# "Bow" Voting Thread



## Chesters Daughter (Jan 15, 2019)

*AS PREVIOUSLY ANNOUNCED, IF YOU ENTER THE CHALLENGE, YOU MUST CAST AT LEAST ONE VOTE IN THE POLL. FAILURE TO COMPLY WILL RESULT IN YOUR ENTRY BEING DISQUALIFIED.

*Welcome to another "kid in the candy shop" voting poll! Please read all of the *entries*, and then proceed to cast votes for as many delicious pieces as you see fit, but you may not vote for your own work. *If you vote for yourself, your entry will be disqualified.

*All entries are eligible for critique which should be posted in this thread save for critique on entries that are posted on the secure board. I've created a thread for those who wish to critique secure entries which may be accessed *here*. Please be mindful of where your critique is being posted so that the first rights of entrants are not compromised. 

I remind everyone that all critique, and responses to it, must be directed solely at the work. Any comments that veer into the personal will be promptly removed upon discovery and will result in appropriate moderation for the poster. There will be no baiting, flaming, or trolling in this thread, or its partner on the secure board.

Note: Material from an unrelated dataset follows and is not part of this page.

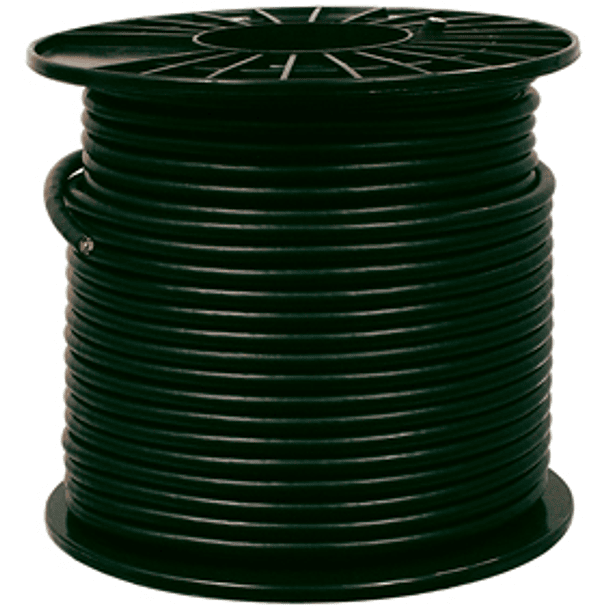 Cabo SCART 13 Condutores Diametro: 10 mm (metro) 2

You have ten days to make your selections. This poll will close on *January** 25th at 7:00pm EST.

Best of luck to all entrants!

And remember, it's all you can eat, so choose as many as you desire!

Please also remember that once the poll has closed, and the results have been officially revealed, you may post your entry on either of the Poetry boards for additional feedback.

*


----------



## -xXx- (Jan 22, 2019)

no, really.
there is something for everyone.
take a minute, read & vote.
please and thanks.


----------



## Pelwrath (Jan 25, 2019)

Hey PiP, congrats on your great poem and win!


----------



## clark (Jan 25, 2019)

PiP m'dear--a great little piece and a just victory! CON:champagne:GRATULATIONS!


----------



## Gumby (Jan 25, 2019)

Congratulations PiP! Well done  you!


----------



## Chesters Daughter (Jan 25, 2019)

Aw guys, ya killin' me. Connectivity issues kept me from being here earlier, and I can't move these posts to the winner's thread because they will push my opening post down as they were posted earlier. That said, please visit the winner's thread and congratulate PiP again if at all possible. Danke, darlings.


----------



## PiP (Jan 26, 2019)

Thanks, guys. The win was totally unexpected against such stiff competition. Clark, your poem made me laugh and got my vote


----------